====== INFORMATION GIVEN ======
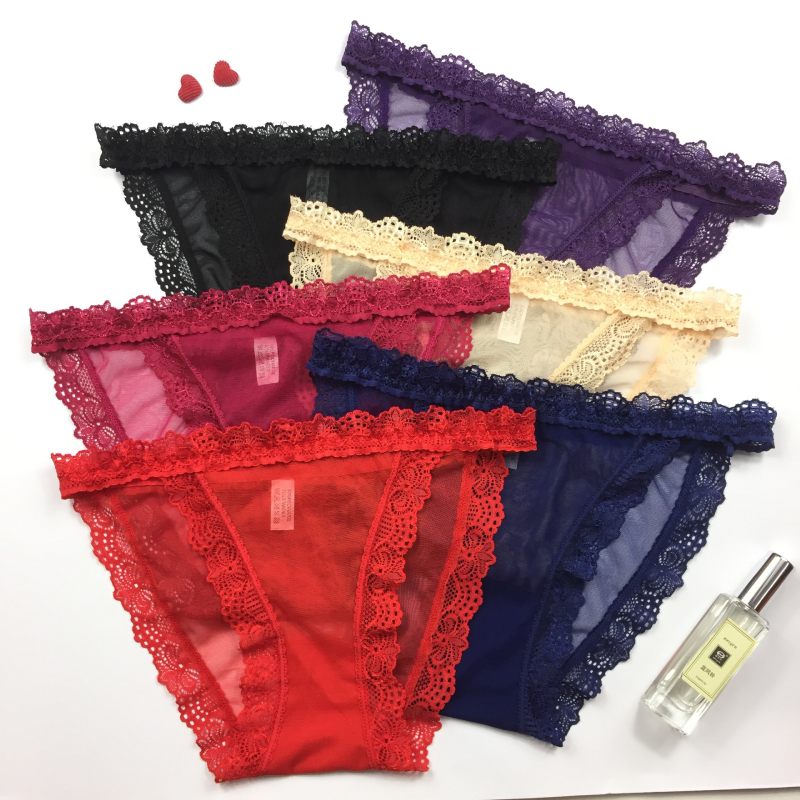 Sexy Low Waist Transparent Lace Mesh Cheeky Panties 13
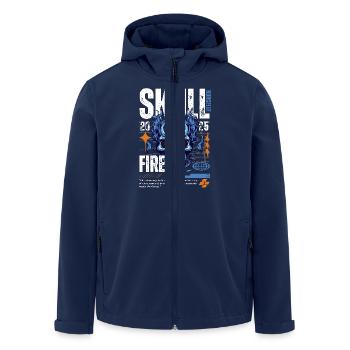 Blue Skull Weiss - Recycelte Männer Softshell-Jacke von Stanley/Stella - Navy - Vorne - AI Model Male 185 light (185cm)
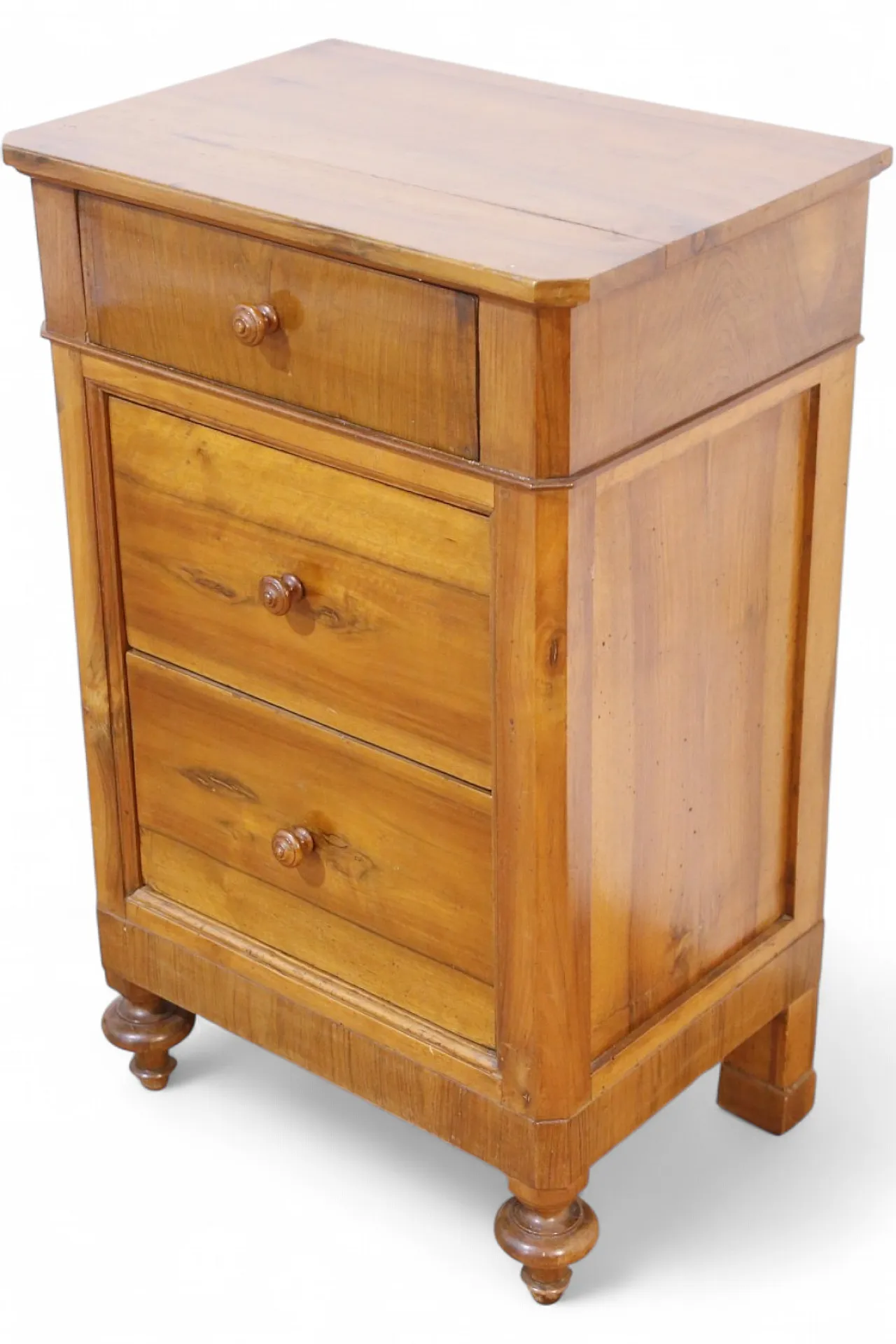 Louis Philippe French solid walnut bedside table, 19th century 24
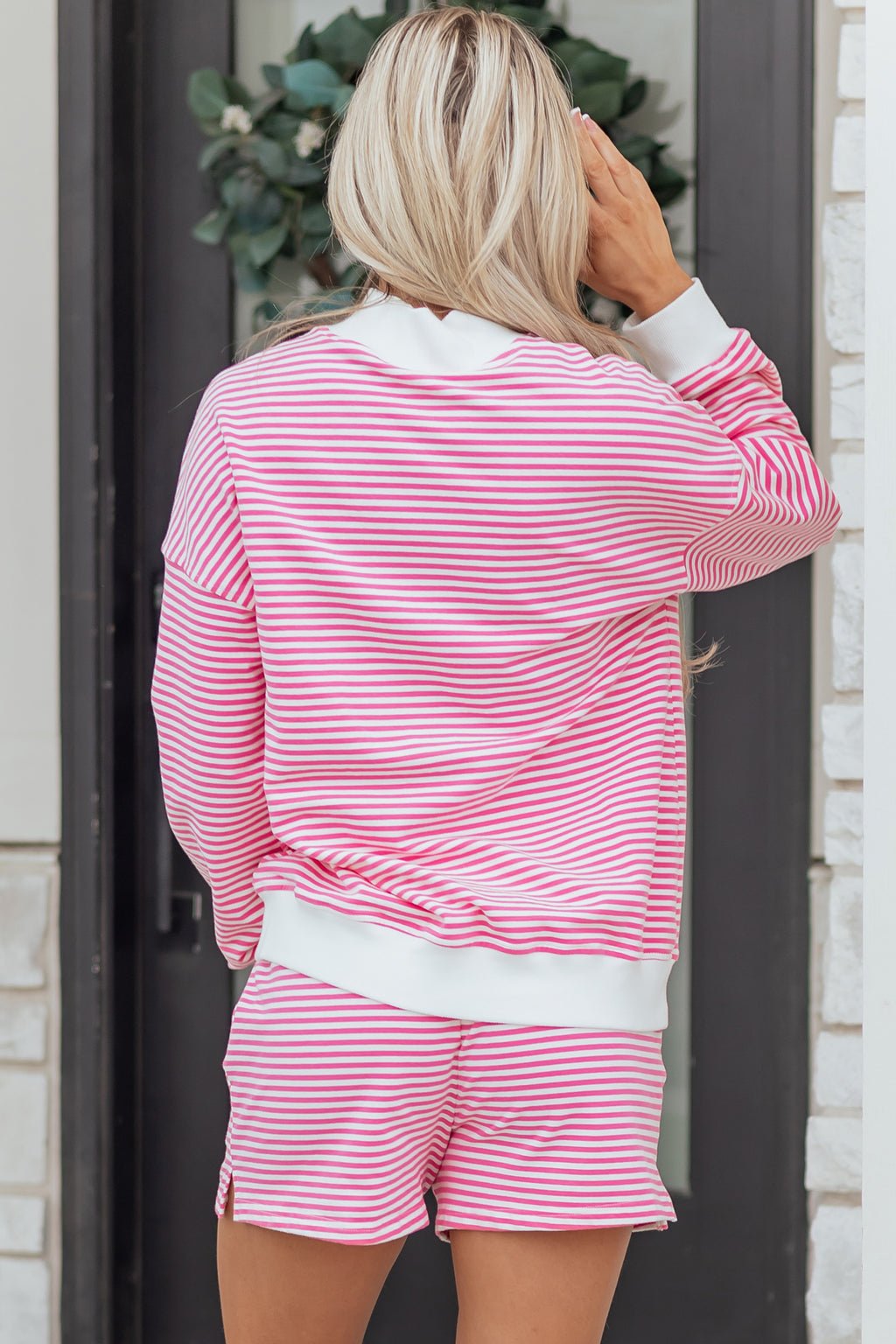 Stripe Oversize Mock Neck Sweatshirt and Shorts Set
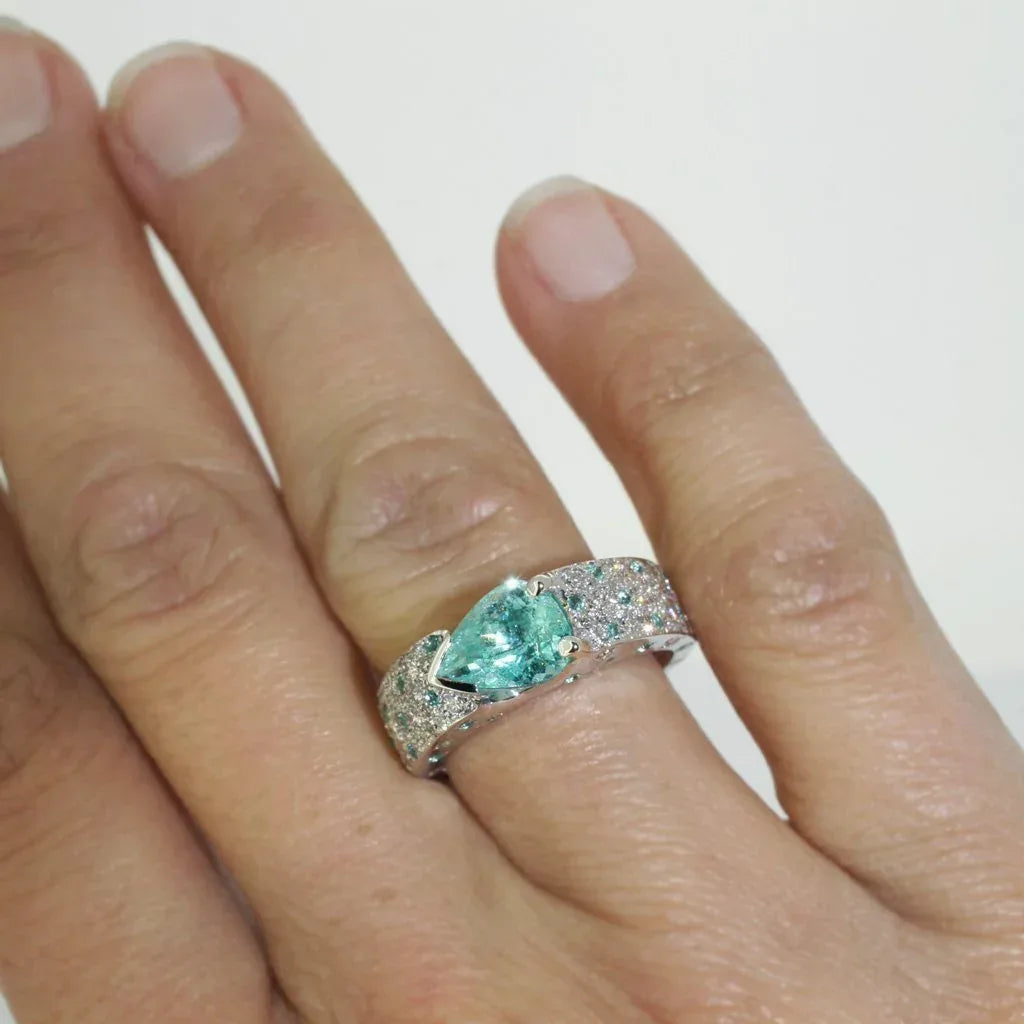 Orchid | Paraiba tourmaline & diamond ring - Lizunova Fine Jewels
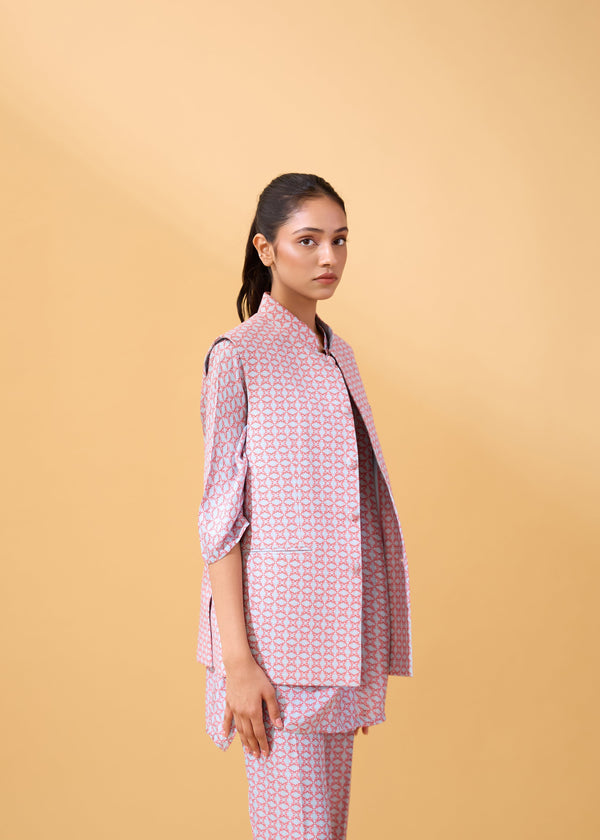 janavi Lobster Nehru Jacket in Linen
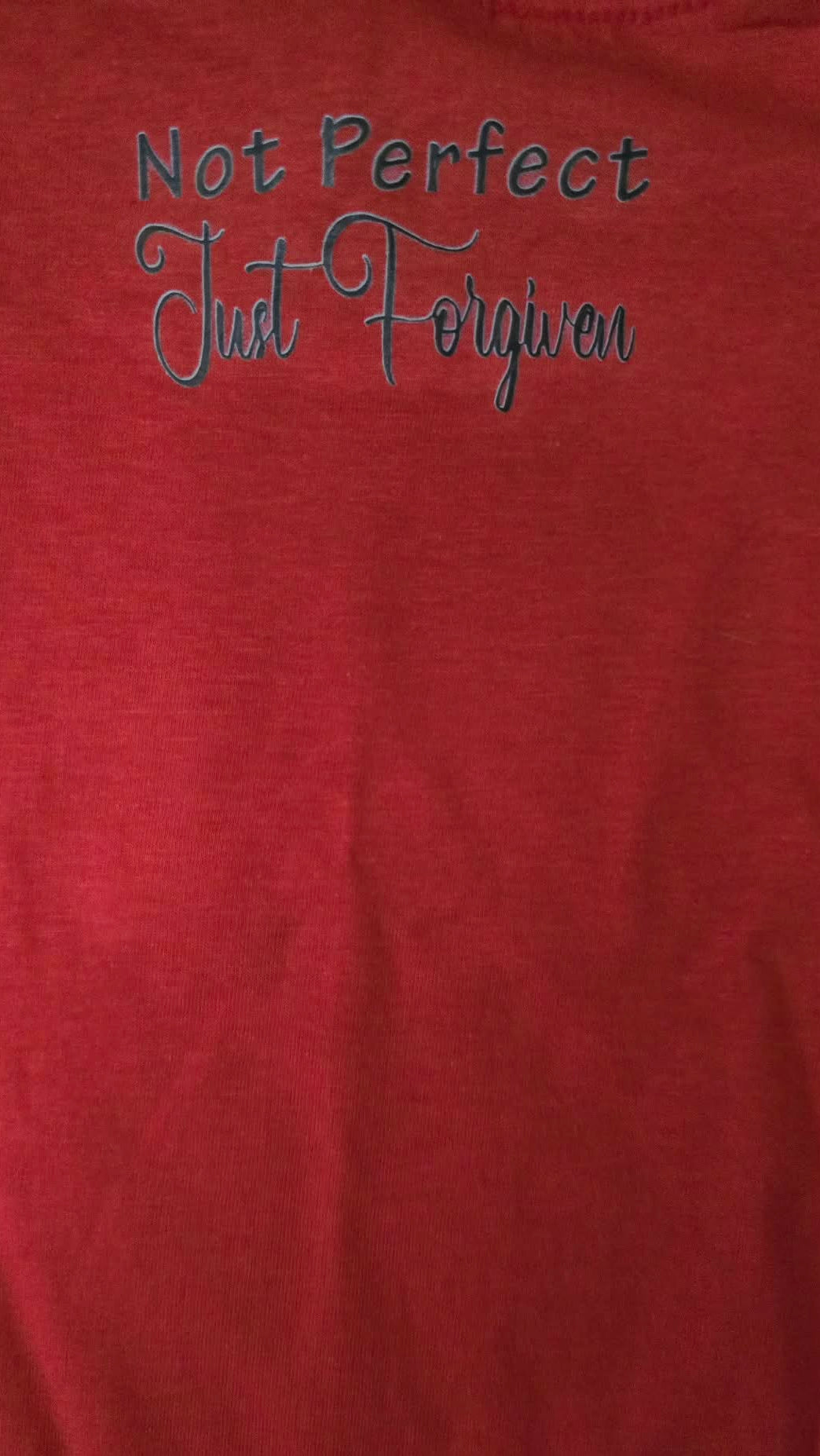 Rejoice Always red women's t-shirt – back text: Not Perfect Just Forgiven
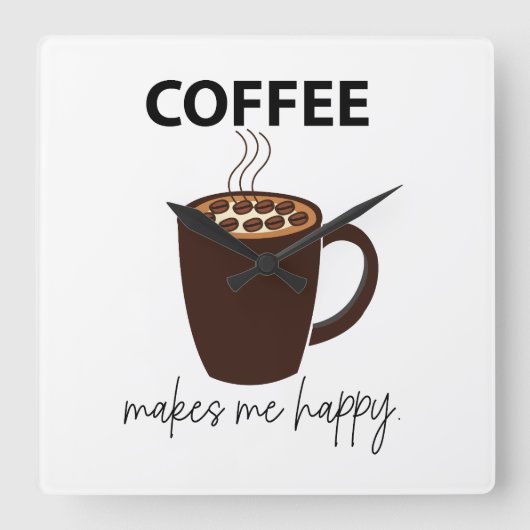 コーヒーは私を幸せにしてくれる コーヒー スクエア壁時計 (正面)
======
> _WHAT TO DO_
Reproduce the records above exactly, but only from the line with "Blue Skull Weiss" up to and including the line with "Rejoice Always red". Leave the pictures out.

> _REPLY TO THE EXERCISE_
 Blue Skull Weiss - Recycelte Männer Softshell-Jacke von Stanley/Stella - Navy - Vorne - AI Model Male 185 light (185cm)
 Louis Philippe French solid walnut bedside table, 19th century 24
 Stripe Oversize Mock Neck Sweatshirt and Shorts Set
 Orchid | Paraiba tourmaline & diamond ring - Lizunova Fine Jewels
 janavi Lobster Nehru Jacket in Linen
 Rejoice Always red women's t-shirt – back text: Not Perfect Just Forgiven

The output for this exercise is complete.